We, the Australian public cannot afford it. If the banks are given time, they can pay back the debt that is rightly theirs, or fall over. No loss if some of them go. We have far too many anyway. No Government will do it though. Too many deals inside the Government with the bankers lending for all sorts of joint projects.
What I am afraid of is going passed a recession next year when some more of the stuff hits the fan about February and we risk a full blown world-wide depression. That could last for twenty years or more as we stop buying all China's junk, they will only have their domestic market to sell in to and if they start hurting bad we are stuffed.
No one has a remote idea of how deep the trench is yet, and we are all left guessing as to what will happen when the whole picture emerges. I for one think that as the same brain dead lot will still be running treasury here , in England, Europe, Russia, China and the USA we are in for it.
Spend our way out?
The same old stuff of interest rate cuts will not support our economy this time around, just as it will not anywhere else in the developed world.
Interest rates need to be reasonable but not ridiculously low. If the reserve bank rate is very low banks can sell cheap money, but only if they can get it and someone wants to buy it.
Fuel prices have dumped, but not at the pump, and refining costs will only get more expensive as environmental costs are recognised and costed properly.
Fuel prices will go back up because of refining and consumptive taxes related to the pollution process from ground to burn.
Food is still crazy expensive in relation to farm gate prices here in Australia.
The only cheap food is imported, some full of crap, most tasteless.
Rent is still 2/3 of an income or more and getting harder for singles and the retired if they need to be within transport range of facilities.
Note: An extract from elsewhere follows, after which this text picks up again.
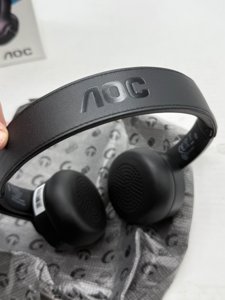 AOC Wireless Headset with Mic for Work, Bluetooth 5.4 Headphones with Noise Canceling Microphone, USB C, 30H, Clear Calls & Mic Mute for PC, Laptop, Cell Phones, Zoom - Black photo 5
Our new Labour Prime Minister Mr. Kevin Rudd must inspire his Government to get something done about the economy quickly, to avoid the recession the poor are already deeply in worsening and widening quickly.
Maybe we could do something if we:
- Build large infrastructure in transport. It is urgent and labour intensive.
- Use more environmentally friendly power generation
This has enormous scope to spend on long term cost saving.
- Develop some new industries around fuel cell, water technology.
- Tax relief are well overdue for R&D for alternative electricity supply.
These and other undertakings would lessen our slowdown. So would a large increase in pensions and health.
Our pensioners used to eat dog food in hard times, now they can't afford to anything. It costs about $3,000 to keep a dog for the year with food and other costs.Many older people who live alone are supporting a dog or cat for companionship making them even poorer.
Our pensioners will spend every cent they get back into the economy straight away. Pay the rent. Pay the gas and electricity bills, buy food and other such luvuries.
This may not pay for the above but it will help, and long-term cost saving that creates industry and employment could help, along with decent tax cuts for the middle class, who are becoming poor real quick at the moment from every angle.
If we spend our way out we will see it back quickly when the rest of the world recovers and spends up big on our resources.